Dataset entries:

%%

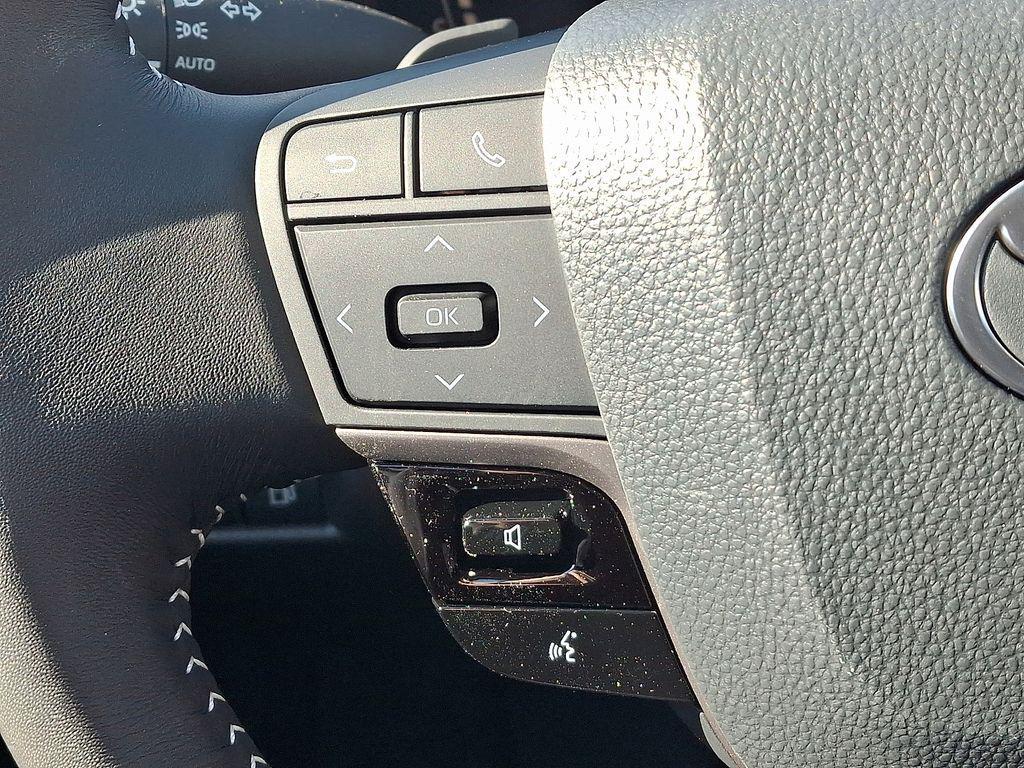 used 2026 Toyota Camry car, priced at $36,958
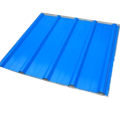 cold-formed steel Prepainted galvanized roofing sheet price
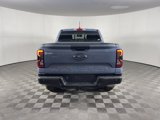 Used 2024 Ford Ranger Lariat w/ FX4 Off-Road Package image 4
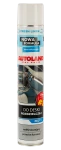 Quick środek do kokpitu fresh linen spray 0,75l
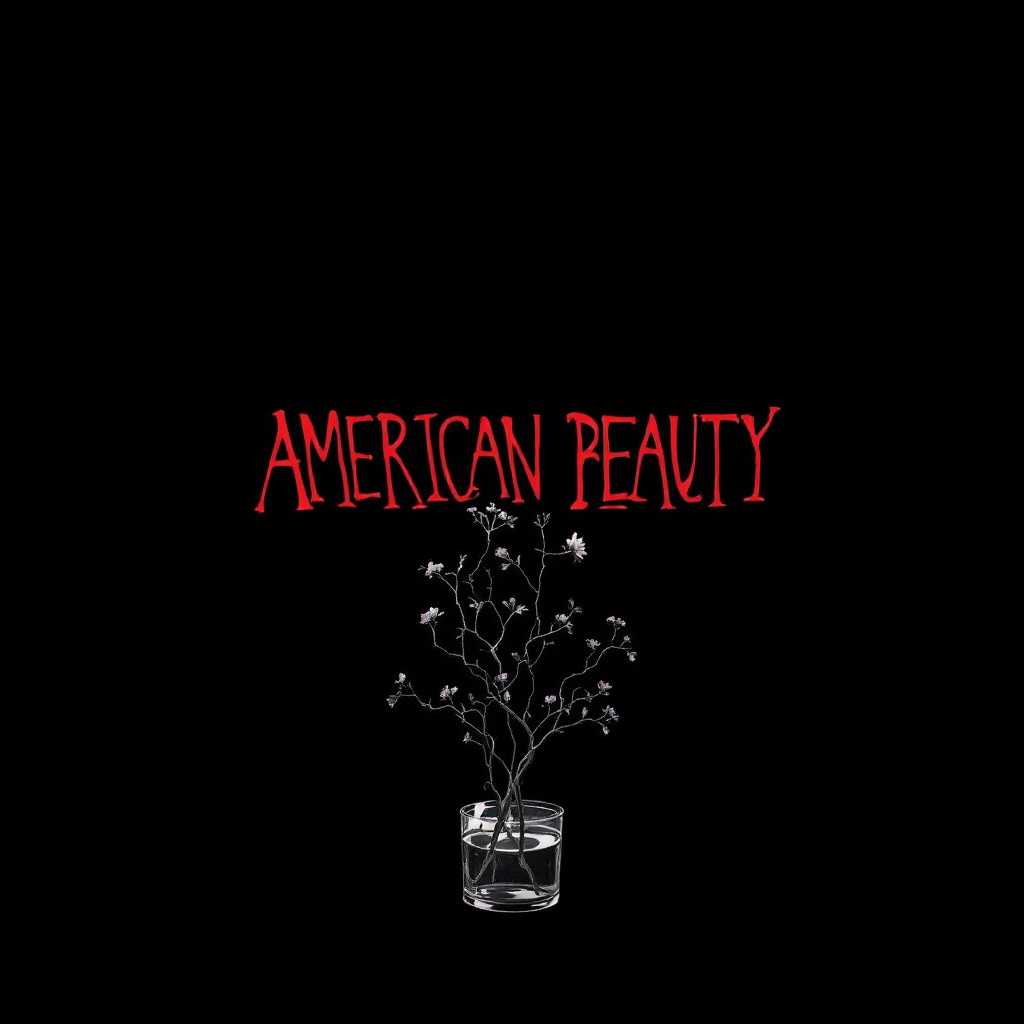 American Beauty/American Psycho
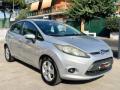 usato FORD Fiesta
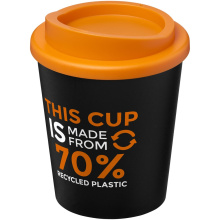 Americano® Espresso Eco 250 ml gerecyclede beker  - Topgiving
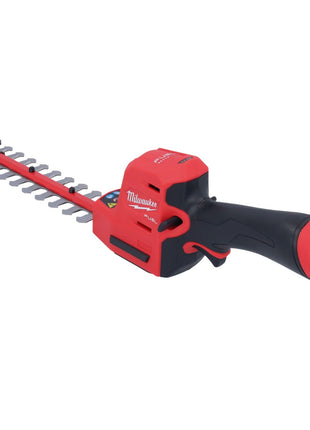 Milwaukee M12 FHT20-0 Akku Strauchschere 12 V 20 cm Brushless ( 4933479675 ) Solo - ohne Akku, ohne Ladegerät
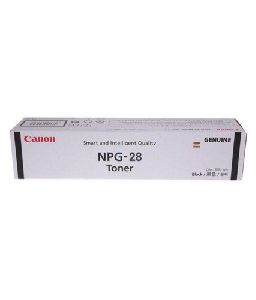 Canon NPG-28 Toner Cartridge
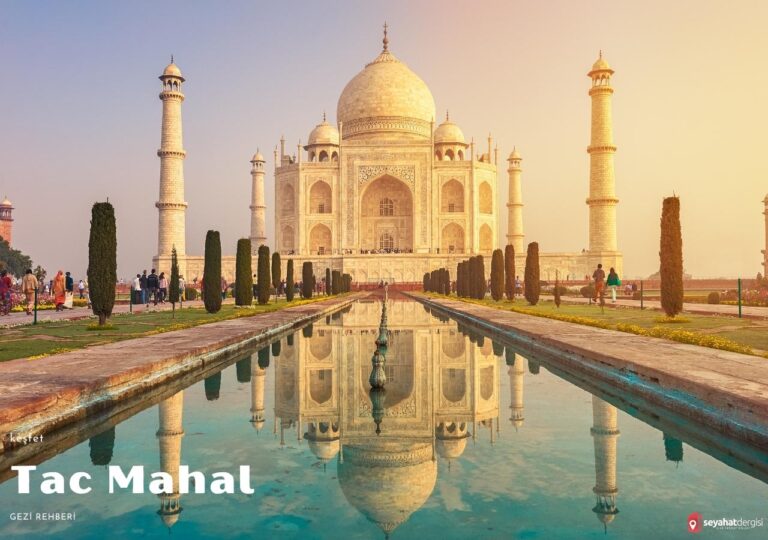 Tac Mahal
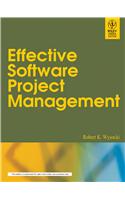 Effective Software Project Management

%%

### TO DO
Pictures stay out. Copy exactly, and only, the lines from the one containing "Americano® Espresso Eco" through the end of the data.

### EXERCISE RESPONSE
 Americano® Espresso Eco 250 ml gerecyclede beker  - Topgiving
 Milwaukee M12 FHT20-0 Akku Strauchschere 12 V 20 cm Brushless ( 4933479675 ) Solo - ohne Akku, ohne Ladegerät
 Canon NPG-28 Toner Cartridge
 Tac Mahal
 Effective Software Project Management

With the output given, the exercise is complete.